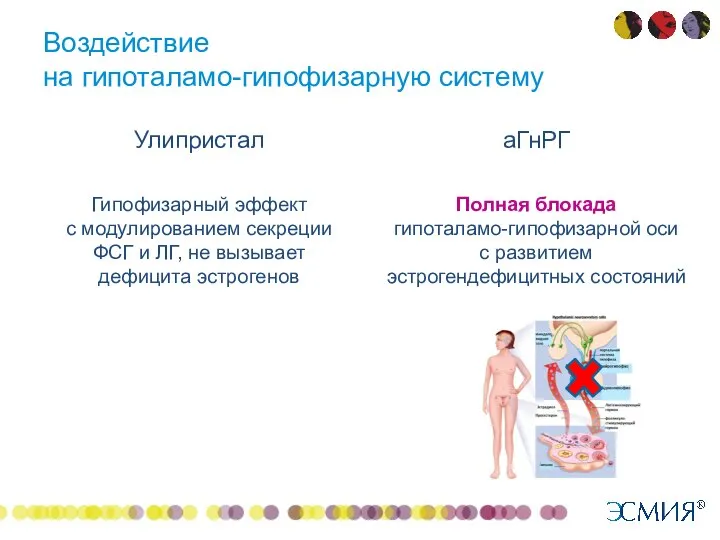 Воздействие на гипоталамо-гипофизарную систему Улипристал Гипофизарный эффект с модулированием секреции ФСГ и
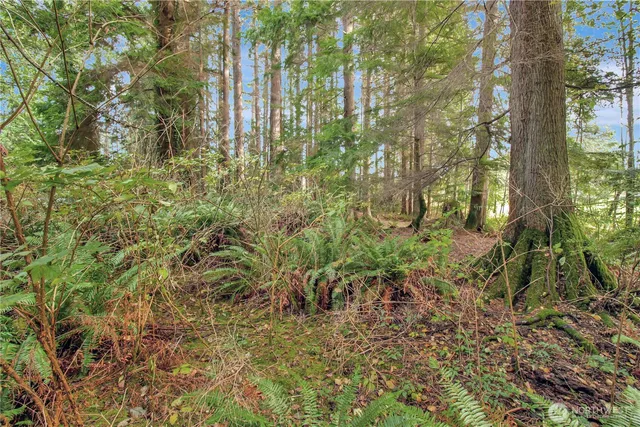 a close up of a plant in a garden
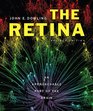 The Retina An Approachable Part of the Brain Revised Edition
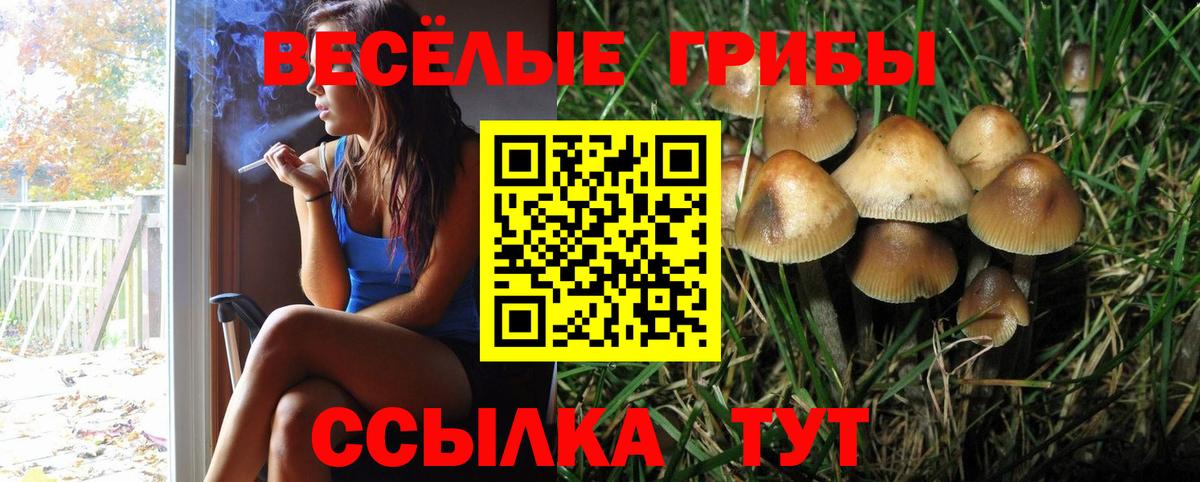 Псилоцибиновые грибы ЛСД Гудермес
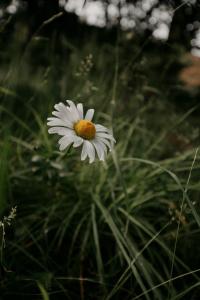 Pärchen Auszeit am Rande der Heide Constantia Apartment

-- -- --

◆ What is being asked
Since pictures are not part of the copy, set down only the remaining data exactly.

◆ Final answer
 Воздействие на гипоталамо-гипофизарную систему Улипристал Гипофизарный эффект с модулированием секреции ФСГ и
 a close up of a plant in a garden
 The Retina An Approachable Part of the Brain Revised Edition
 Псилоцибиновые грибы ЛСД Гудермес
 Pärchen Auszeit am Rande der Heide Constantia Apartment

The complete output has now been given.